(Record set Opens)

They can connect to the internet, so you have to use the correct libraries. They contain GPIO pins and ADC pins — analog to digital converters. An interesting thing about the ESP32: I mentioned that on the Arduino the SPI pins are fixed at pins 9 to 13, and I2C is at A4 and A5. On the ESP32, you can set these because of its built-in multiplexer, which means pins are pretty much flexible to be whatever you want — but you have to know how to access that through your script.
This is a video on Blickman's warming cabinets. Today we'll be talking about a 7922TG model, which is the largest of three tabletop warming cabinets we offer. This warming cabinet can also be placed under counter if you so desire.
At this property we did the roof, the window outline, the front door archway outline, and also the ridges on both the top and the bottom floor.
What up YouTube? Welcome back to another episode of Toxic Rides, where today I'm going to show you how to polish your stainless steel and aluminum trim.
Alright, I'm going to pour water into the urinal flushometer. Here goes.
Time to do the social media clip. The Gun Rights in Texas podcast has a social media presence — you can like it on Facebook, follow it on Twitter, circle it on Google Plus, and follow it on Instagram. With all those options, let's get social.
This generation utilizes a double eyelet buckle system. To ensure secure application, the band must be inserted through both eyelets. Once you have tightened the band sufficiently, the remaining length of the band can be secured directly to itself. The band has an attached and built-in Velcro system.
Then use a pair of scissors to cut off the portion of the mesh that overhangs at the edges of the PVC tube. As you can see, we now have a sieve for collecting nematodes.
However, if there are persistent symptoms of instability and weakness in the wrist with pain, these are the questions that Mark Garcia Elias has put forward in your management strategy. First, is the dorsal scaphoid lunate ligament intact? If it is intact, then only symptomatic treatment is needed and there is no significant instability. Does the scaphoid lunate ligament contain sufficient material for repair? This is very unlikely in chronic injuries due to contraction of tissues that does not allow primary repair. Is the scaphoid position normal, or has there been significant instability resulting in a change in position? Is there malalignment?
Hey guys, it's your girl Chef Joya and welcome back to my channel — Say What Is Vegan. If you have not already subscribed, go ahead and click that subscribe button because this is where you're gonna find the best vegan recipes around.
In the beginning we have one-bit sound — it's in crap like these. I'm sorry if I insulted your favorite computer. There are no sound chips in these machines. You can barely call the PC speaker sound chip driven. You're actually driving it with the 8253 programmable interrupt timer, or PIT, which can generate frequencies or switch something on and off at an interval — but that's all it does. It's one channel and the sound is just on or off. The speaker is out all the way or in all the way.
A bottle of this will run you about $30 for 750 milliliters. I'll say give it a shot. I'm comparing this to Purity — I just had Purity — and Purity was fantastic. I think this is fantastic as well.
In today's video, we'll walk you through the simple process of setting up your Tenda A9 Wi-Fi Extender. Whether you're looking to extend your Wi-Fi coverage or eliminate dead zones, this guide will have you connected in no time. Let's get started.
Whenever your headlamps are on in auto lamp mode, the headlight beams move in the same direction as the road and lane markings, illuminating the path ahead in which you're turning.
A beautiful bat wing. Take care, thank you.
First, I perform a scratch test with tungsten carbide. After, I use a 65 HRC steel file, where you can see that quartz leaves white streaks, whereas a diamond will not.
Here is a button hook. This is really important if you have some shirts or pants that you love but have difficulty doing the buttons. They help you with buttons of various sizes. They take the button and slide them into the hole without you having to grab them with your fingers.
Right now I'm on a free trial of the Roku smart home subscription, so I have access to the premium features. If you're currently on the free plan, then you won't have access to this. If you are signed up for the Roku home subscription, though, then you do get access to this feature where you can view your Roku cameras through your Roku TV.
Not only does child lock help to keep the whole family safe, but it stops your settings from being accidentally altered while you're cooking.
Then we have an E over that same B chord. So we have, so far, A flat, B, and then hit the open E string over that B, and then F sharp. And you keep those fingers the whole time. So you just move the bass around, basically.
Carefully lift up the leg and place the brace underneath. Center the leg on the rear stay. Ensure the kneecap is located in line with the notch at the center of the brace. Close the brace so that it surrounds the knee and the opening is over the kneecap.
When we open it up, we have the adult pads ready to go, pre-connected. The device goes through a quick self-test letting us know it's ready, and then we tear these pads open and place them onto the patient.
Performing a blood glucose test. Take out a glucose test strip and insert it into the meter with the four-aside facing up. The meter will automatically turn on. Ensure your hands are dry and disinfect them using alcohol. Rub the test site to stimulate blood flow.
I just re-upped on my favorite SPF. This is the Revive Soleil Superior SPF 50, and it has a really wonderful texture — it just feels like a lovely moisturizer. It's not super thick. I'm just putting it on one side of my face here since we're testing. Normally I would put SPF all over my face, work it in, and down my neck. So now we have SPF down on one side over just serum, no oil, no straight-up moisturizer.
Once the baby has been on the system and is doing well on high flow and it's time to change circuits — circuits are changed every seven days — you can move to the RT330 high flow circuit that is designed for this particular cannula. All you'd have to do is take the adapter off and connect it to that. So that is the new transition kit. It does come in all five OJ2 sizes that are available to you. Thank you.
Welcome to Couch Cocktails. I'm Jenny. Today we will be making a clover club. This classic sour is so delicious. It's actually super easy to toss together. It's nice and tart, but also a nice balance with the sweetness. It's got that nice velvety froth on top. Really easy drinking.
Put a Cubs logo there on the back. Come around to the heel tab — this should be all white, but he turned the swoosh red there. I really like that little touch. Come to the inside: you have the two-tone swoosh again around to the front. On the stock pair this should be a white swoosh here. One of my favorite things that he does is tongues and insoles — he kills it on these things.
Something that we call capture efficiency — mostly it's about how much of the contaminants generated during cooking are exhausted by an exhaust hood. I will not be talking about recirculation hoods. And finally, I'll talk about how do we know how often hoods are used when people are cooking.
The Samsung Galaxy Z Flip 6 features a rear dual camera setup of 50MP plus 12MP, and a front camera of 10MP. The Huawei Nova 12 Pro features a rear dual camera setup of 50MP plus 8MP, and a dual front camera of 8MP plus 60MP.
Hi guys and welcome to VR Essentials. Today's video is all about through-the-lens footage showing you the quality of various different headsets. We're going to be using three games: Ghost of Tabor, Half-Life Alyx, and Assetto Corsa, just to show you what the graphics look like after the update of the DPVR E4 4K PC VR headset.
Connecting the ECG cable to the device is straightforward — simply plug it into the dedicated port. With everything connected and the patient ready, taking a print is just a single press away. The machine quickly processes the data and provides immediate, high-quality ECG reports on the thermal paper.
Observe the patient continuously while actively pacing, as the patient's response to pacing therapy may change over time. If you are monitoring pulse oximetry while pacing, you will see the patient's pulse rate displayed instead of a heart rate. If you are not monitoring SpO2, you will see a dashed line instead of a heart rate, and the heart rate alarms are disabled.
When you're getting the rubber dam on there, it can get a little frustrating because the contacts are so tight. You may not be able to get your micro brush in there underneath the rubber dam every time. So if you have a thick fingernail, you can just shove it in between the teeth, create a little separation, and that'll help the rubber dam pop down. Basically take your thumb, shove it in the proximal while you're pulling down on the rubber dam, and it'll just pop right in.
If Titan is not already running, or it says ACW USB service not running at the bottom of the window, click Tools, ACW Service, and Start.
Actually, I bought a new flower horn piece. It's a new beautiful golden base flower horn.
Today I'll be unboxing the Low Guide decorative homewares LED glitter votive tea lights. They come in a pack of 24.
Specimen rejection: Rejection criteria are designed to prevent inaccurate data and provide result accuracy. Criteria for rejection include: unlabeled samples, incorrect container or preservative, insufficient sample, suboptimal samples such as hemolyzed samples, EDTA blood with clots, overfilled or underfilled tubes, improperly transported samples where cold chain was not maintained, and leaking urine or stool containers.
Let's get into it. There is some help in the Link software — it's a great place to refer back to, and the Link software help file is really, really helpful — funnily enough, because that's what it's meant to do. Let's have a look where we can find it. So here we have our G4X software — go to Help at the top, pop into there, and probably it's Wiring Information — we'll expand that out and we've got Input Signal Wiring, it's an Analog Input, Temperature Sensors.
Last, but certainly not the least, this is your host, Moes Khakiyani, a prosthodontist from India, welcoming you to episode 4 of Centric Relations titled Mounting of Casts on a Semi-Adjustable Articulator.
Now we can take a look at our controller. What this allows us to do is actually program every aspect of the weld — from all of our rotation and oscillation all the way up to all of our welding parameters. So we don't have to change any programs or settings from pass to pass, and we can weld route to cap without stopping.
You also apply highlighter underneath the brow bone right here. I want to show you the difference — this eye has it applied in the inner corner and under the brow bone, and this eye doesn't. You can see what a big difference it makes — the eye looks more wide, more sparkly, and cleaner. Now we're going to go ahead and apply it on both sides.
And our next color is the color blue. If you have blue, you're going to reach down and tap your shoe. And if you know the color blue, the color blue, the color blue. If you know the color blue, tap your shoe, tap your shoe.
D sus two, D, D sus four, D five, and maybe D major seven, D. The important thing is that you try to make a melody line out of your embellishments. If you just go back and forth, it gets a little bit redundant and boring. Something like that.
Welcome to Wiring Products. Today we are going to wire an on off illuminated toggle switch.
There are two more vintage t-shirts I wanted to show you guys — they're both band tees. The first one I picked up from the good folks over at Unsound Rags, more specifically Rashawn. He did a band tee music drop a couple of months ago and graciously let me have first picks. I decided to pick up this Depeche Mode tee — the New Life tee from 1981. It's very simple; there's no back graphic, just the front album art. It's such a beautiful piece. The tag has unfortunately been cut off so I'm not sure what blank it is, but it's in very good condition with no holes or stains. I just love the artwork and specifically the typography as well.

(Record set Closes)

▸ **What the task requires**:
Copy out the data above word for word, starting at its first line and ending with the line that contains "What up YouTube?".

▸ **Answer section**:
They can connect to the internet, so you have to use the correct libraries. They contain GPIO pins and ADC pins — analog to digital converters. An interesting thing about the ESP32: I mentioned that on the Arduino the SPI pins are fixed at pins 9 to 13, and I2C is at A4 and A5. On the ESP32, you can set these because of its built-in multiplexer, which means pins are pretty much flexible to be whatever you want — but you have to know how to access that through your script.
This is a video on Blickman's warming cabinets. Today we'll be talking about a 7922TG model, which is the largest of three tabletop warming cabinets we offer. This warming cabinet can also be placed under counter if you so desire.
At this property we did the roof, the window outline, the front door archway outline, and also the ridges on both the top and the bottom floor.
What up YouTube? Welcome back to another episode of Toxic Rides, where today I'm going to show you how to polish your stainless steel and aluminum trim.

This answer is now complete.